El episodio de la paella -la paella blanca- de Josep Piera, delata esta categoría. La incomprensión que perdura entre pueblos que han extremado ignorancias o desconfianzas. En un contexto -el autonómico español- que, paradojas forzadas, los ha acabado alejando más, a raíz de una situación que cierra “comunidades” entre ellas y solo las abre al “acervo común” cuando se trata de la lengua y la cultura castellanas. “Lo que nos une y aquello que nos separa”.

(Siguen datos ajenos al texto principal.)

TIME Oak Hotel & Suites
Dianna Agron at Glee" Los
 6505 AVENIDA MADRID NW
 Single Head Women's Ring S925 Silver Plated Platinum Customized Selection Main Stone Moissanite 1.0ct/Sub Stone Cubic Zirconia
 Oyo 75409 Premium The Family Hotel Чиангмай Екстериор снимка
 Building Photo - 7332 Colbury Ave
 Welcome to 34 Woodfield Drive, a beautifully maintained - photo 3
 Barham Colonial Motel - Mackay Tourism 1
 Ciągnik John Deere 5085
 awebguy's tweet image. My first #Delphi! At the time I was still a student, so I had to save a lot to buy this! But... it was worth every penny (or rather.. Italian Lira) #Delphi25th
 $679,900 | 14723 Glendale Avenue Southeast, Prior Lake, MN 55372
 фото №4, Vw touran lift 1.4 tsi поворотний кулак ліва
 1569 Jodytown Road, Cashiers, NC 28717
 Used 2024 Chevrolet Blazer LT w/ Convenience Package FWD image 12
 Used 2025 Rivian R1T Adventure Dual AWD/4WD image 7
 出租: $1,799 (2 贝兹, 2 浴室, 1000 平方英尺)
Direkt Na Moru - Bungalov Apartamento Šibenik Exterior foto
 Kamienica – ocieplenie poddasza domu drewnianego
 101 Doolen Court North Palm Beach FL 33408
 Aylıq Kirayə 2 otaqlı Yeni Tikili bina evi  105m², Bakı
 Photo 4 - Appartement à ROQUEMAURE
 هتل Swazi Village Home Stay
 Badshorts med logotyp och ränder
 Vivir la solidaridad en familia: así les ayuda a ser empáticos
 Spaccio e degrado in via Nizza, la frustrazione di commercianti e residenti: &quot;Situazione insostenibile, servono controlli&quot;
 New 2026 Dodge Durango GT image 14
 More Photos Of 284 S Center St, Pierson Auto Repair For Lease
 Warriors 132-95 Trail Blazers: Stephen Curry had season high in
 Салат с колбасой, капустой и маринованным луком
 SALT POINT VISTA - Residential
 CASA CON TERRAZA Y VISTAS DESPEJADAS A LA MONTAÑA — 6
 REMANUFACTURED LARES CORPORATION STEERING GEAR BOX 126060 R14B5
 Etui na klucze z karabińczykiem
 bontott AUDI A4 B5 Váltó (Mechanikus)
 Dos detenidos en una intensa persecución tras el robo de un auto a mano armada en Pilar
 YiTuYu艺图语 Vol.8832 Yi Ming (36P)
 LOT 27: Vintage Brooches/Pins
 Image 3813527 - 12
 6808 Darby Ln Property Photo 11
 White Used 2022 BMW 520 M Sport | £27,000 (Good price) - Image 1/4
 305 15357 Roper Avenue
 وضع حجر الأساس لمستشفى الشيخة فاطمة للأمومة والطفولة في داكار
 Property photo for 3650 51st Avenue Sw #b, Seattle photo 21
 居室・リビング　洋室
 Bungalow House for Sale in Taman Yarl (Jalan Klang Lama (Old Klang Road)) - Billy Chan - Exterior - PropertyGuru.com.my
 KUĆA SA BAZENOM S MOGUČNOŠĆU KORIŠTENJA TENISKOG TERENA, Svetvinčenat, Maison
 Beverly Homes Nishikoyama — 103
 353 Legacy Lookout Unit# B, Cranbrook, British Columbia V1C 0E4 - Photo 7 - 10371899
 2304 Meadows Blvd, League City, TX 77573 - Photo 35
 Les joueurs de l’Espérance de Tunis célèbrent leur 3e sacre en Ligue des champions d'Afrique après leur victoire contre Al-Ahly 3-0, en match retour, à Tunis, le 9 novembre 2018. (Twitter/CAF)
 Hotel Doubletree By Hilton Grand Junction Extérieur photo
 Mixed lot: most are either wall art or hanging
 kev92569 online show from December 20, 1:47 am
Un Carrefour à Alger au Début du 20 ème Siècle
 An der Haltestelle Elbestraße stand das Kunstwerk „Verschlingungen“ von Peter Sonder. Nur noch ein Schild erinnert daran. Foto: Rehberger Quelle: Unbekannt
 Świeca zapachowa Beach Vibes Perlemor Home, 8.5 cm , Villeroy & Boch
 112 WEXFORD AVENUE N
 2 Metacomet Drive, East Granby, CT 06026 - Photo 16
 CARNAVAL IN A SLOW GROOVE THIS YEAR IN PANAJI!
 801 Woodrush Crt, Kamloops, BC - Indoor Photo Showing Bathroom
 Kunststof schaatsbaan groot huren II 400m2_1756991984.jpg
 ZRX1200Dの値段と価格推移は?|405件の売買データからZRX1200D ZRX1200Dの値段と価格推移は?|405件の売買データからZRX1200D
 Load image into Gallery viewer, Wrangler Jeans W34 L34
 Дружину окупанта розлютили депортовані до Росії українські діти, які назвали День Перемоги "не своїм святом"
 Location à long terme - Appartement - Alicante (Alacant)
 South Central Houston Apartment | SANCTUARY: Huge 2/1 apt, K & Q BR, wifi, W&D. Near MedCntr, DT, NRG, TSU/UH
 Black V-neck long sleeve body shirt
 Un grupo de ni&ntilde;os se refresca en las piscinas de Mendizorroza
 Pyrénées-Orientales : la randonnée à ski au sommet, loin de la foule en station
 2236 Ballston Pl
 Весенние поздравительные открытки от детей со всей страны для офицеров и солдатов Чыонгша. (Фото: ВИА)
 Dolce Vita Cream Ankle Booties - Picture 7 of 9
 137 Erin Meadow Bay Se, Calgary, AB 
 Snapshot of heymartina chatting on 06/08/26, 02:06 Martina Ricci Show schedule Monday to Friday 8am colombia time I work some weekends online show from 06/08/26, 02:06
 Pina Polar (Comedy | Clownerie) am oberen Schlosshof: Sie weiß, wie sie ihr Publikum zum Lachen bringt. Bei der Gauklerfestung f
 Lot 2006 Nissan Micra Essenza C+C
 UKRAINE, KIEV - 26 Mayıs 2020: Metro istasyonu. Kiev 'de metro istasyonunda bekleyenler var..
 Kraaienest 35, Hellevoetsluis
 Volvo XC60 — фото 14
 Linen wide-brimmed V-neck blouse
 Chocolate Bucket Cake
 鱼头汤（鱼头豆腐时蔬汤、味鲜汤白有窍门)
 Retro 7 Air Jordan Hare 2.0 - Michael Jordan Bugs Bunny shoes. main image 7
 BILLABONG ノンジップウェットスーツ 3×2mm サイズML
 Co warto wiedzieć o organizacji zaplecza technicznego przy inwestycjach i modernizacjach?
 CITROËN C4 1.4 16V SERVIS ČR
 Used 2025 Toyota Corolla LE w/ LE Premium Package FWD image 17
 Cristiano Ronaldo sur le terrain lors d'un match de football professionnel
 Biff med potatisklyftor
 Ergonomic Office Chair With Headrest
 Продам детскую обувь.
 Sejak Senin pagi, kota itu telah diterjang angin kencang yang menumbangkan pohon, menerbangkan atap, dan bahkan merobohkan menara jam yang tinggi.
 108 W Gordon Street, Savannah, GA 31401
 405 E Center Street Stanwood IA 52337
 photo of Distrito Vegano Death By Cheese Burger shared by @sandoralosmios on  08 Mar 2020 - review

Durante décadas Joan Fuster se constituyó en la conciencia crítica -entre valencianos y, más todavía, catalanes- para romper tanta incomprensión. El premio de Honor de las Letras Catalanas nunca se resignó a aceptar y alargar los tópicos, la situación subalterna derivada de siglos de colonización cultural. Es cierto que fue todavía más allá y, cuando pedía el respeto necesario, lo planteaba entre individuos que no solo comparten lengua y literatura, sino también nación. El fusterianismo -y que el escritor de Sueca me perdone el atrevimiento de considerarlo ideología- no se salió. En la segunda intención, nada. En la primera, poco. Si bien es cierto que la realidad actual -al menos en determinados sectores- no es ni mucho menos la que se había impuesto desde que se agotó el periodo considerado “de Renaixença”.

La paella de Josep Piera es un toque de alerta. Conviene aprovecharlo. Ocho valencianos han ganado el premio de Honor de las Letras Catalanas, pero el gallinero -y la platea!- todavía se alborotan cuando un gesto que pretende ser de reconocimiento y homenaje se considera de desconocimiento y ultraje. Queda mucho de Fuster aún por desgranar. Y en todo caso, desbrozaríamos camino si esta paella blanca también sirviera para que alguien más conozca a Josep Piera y acabe leyendo alguno de sus llibros. Todos, bien de azafrán.